In Americas, Governments & Politics, News Headlines

Mexico’s deft hosting of U.N. climate talks is raising the stakes for nations with hard-line positions — such as Japan and Bolivia — since they risk getting more blame if the meeting fails, analysts say.

At the 2009 Copenhagen climate summit, Denmark’s use of “secret” negotiating texts among only a few nations angered many poor countries who felt left out. Denmark then got some of the blame for the failure to agree to a binding U.N. climate treaty.

This year, Mexico has won high marks so far for steering talks among almost 200 nations in the Caribbean resort of Cancun. “There are no secret texts,” Foreign Minister Patricia Espinosa has often insisted, drawing a contrast with Copenhagen.

That means the spotlight is less likely to be on Mexico if Cancun fails to overcome a deadlock over a modest package of measures including a new climate fund to help the poor, ways to share green technologies and to protect tropical forests.

“The Mexicans are doing a great job here and it will put people on the hook to deliver at the end of the week,” said Alden Meyer, of the Union of Concerned Scientists, of the November 29 to December 10 meeting.

So far, Japan and Bolivia have been most hard-line in public, risking a share of blame if they do not back down. Japan has refused to extend the U.N.’s existing Kyoto Protocol for curbing climate change beyond 2012 and Bolivia on Monday likened climate policies of the rich to “genocide.”

China and the United States, the two emitters of greenhouse gases often at odds with each other in 2010, have by contrast sounded conciliatory. The talks are seeking small steps to avert droughts, more powerful storms, heatwaves and rising sea levels that is the result of global warming.

COPENHAGEN MYTHS

European Climate Commissioner Connie Hedegaard, who was Danish Climate and Energy Minister hosting Copenhagen, said organizers of U.N. conferences face a tightrope.
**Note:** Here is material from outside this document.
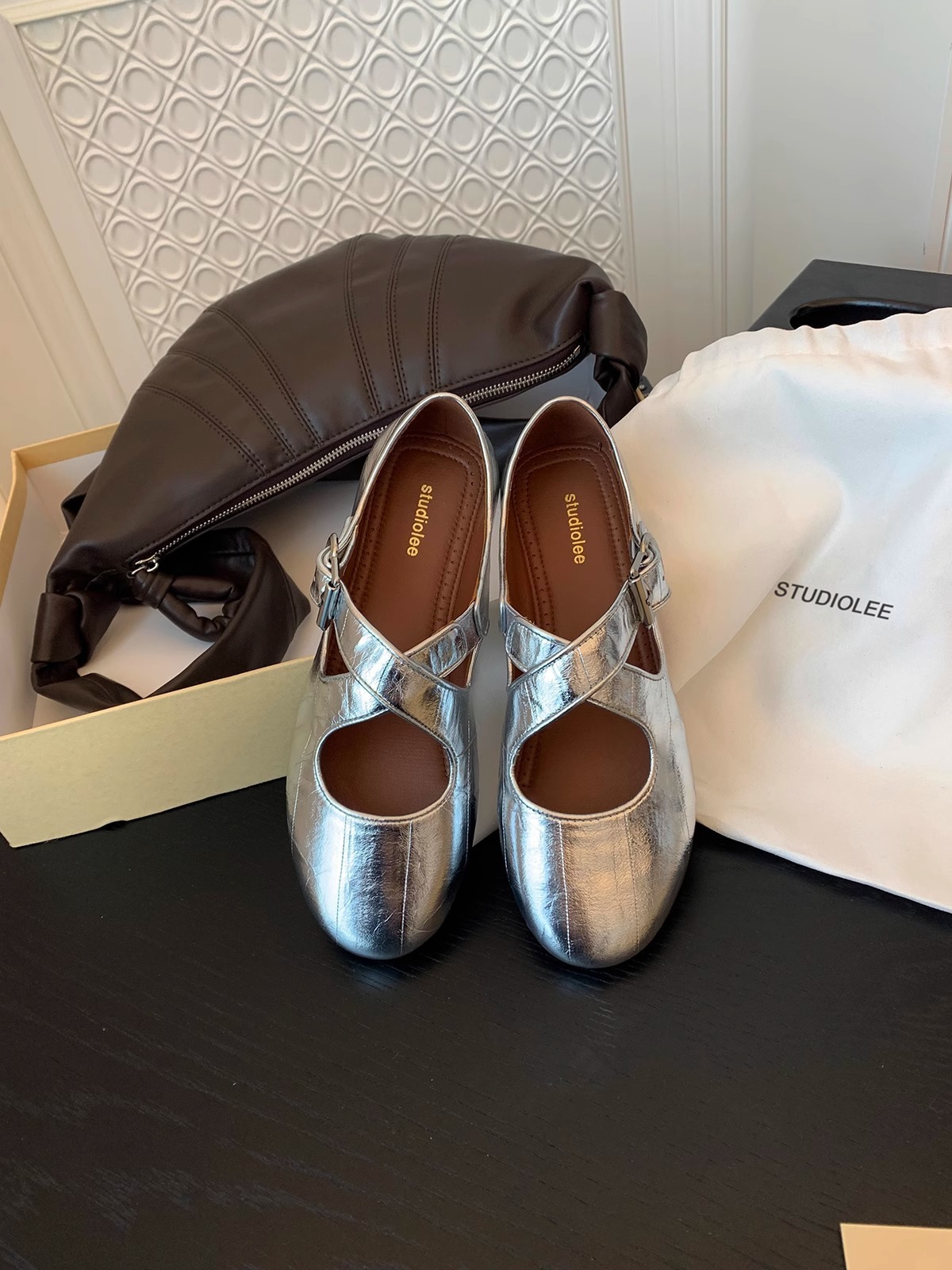 法式芭蕾风银色交叉带玛丽珍鞋子女浅口软底一字扣女鞋平底单鞋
“This is always very, very difficult. There was transparency last year despite the myths that are being created. And the Mexican presidency has done a lot of work to ensure transparency here,” she told Reuters.
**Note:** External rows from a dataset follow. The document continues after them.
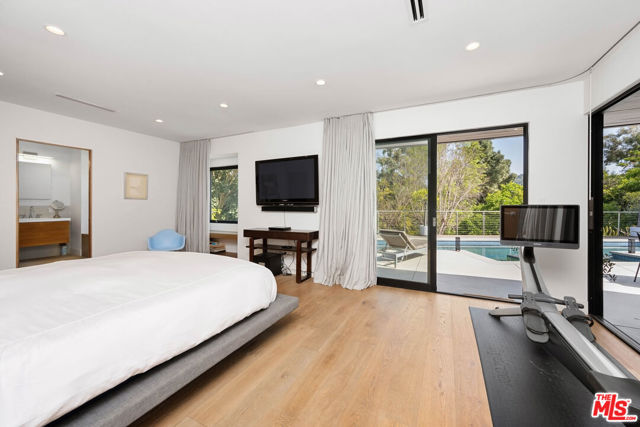 11460 Laurelcrest Road, Studio City (los Angeles)
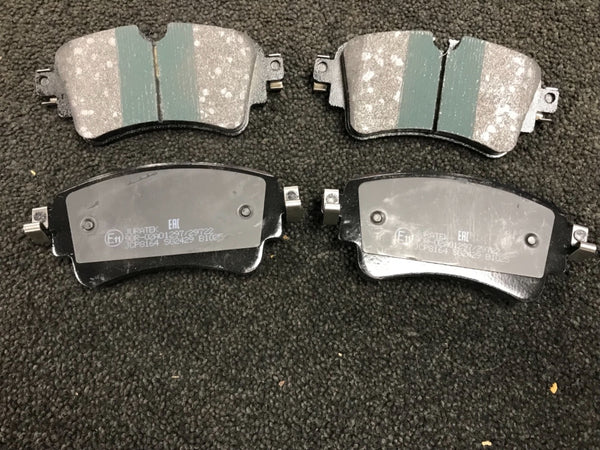 AUDI Q7 3.0 TDi QUATTRO 272 4MB 2015 ON REAR BRAKE DISC PADS WITH SENSOR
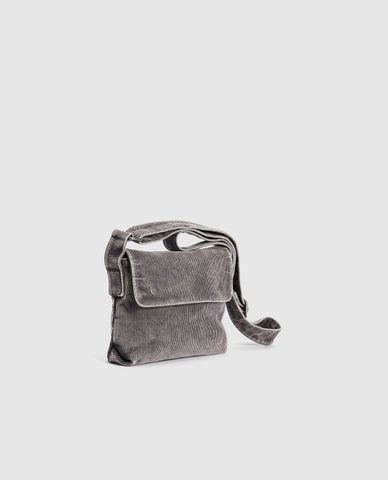  URBAN REVIVO - Túi đeo chéo nam chữ nhật thời trang Textured 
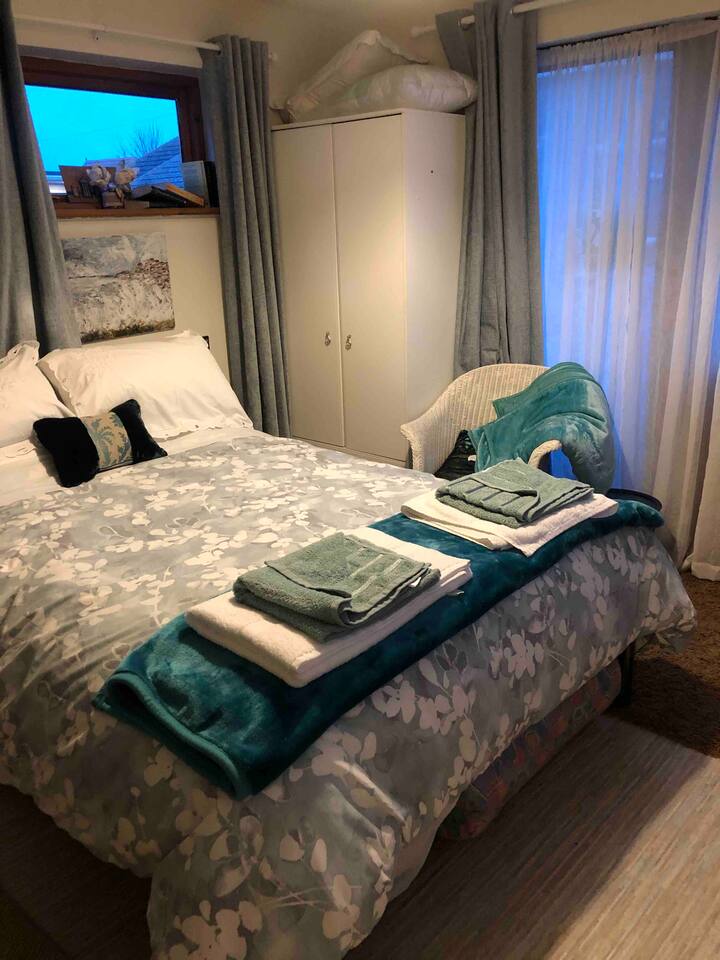 提供非常舒适的床、记忆泡沫床垫、手巾、浴巾和游泳巾。 卧室门通往露台。 电视、微波炉、冰箱、水壶和充足的新鲜牛奶。咖啡、茶和热巧克力。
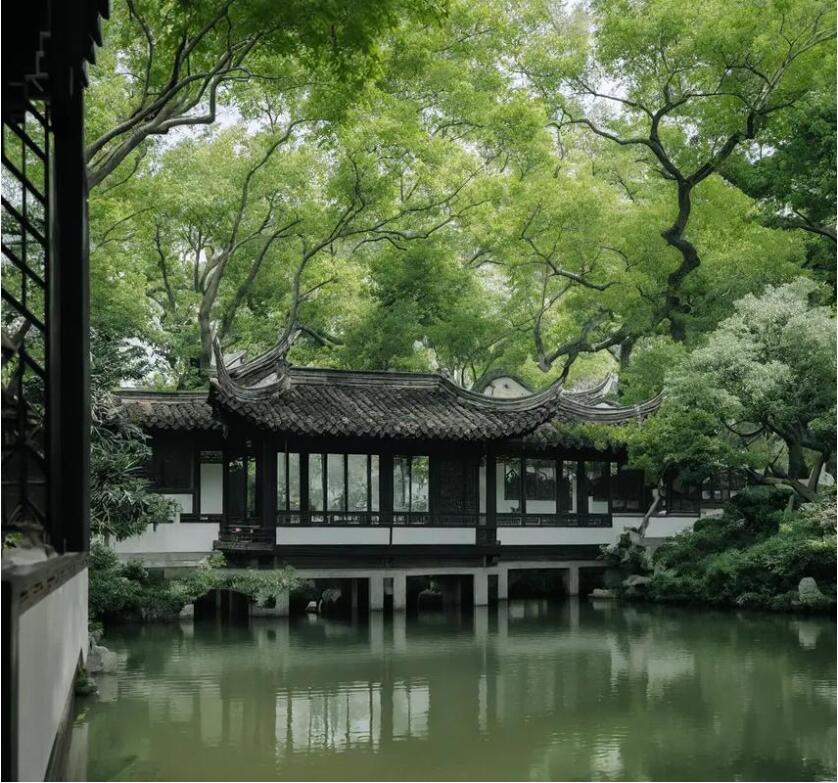 雨湖区摆布餐饮有限公司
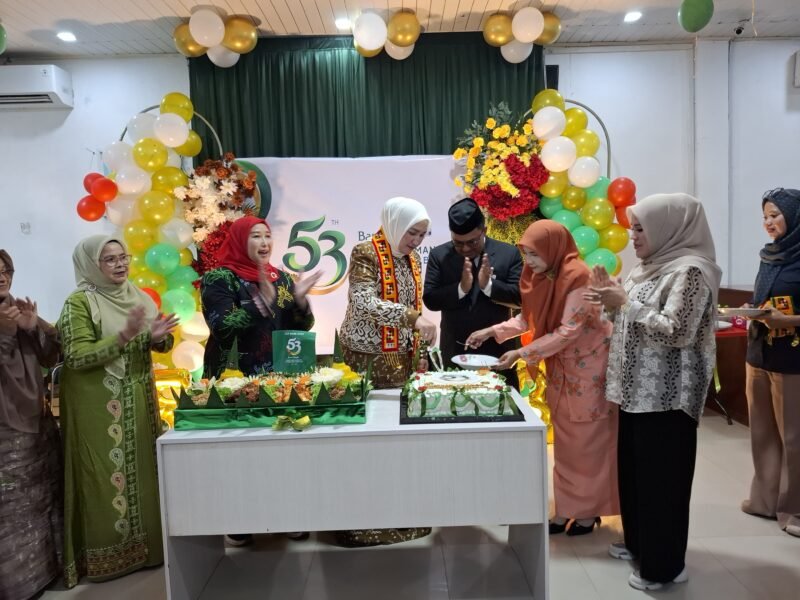 Ketua TP PKK Aceh, Marlina Muzakir (Kak Na), saat melakukan kunjungan kerja di Simeulue. Selain menghadiri perayaan HUT ke-53 Bank Aceh Syariah Cabang Sinabang bersama para pengurus TP PKK, beliau juga meninjau dan mempromosikan potensi wisata surfing kelas dunia di Pantai Matanurung, Simeulue.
Angela Anderson of U.S. Climate Action Network said: “While process is important it should not be the fall guy for a bad outcome. If progress is blocked here it will be obvious who is doing it.”
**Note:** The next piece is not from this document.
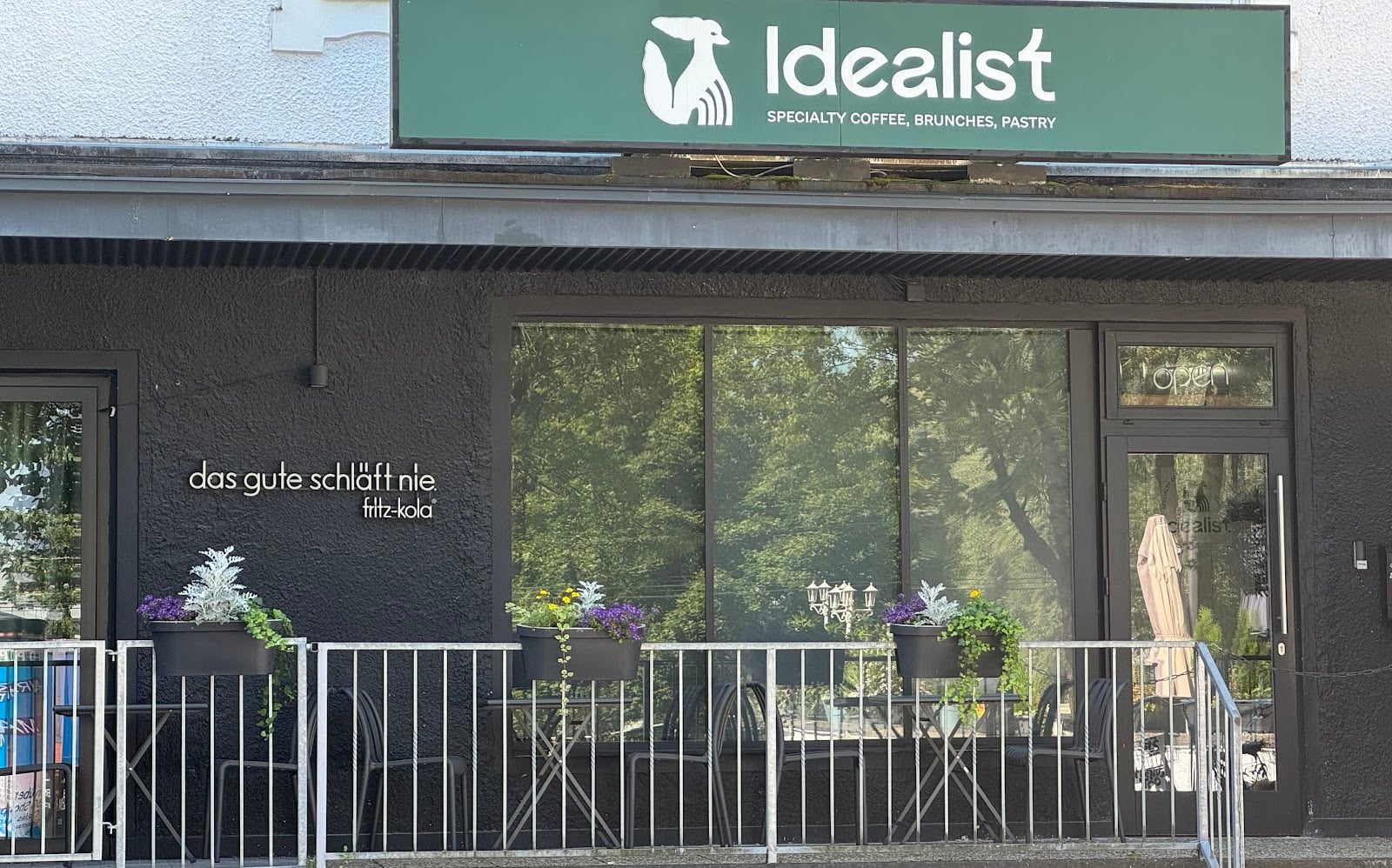 Idealist - brunch all day long, specialty coffee, pastries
Tokyo has angered developing nations by saying it will not agree to extend the U.N.’s Kyoto Protocol, which obliges almost 40 industrialized nations to cut emissions by 2012.

Japan wants a new, broader treaty including all emitters. But developing nations say Kyoto backers must lead the way, extending their cuts before emerging economies join in.

“Blocking what? That no more people should die?” Ambassador Pablo Solon said at a news conference when asked if Bolivia risked getting the blame by sticking to its demands which are the most radical of any country.

He said that 300,000 people were dying a year from natural disasters and it might rise to a million by 2020. “Talking about 300,000 deaths, is that not talking about genocide?” he said.

Bolivia’s left-wing government says rich nations must halve their greenhouse gas emissions from 1990 levels by 2013-17, deeper than cuts of at least 45 percent by 2020 urged by an alliance of about 100 least developed nations and island states.

Developed nations, meanwhile, are promising far less — President Barack Obama’s goal, for instance, is equivalent to a 3-4 percent reduction below 1990 levels by 2020. Some environmentalists say Bolivia may be aiming too high.

“The question is ‘do you move forward with a revolution or do you move forward with small steps?’, said Wendel Trio of Greenpeace. “I am afraid that a revolution is not possible.”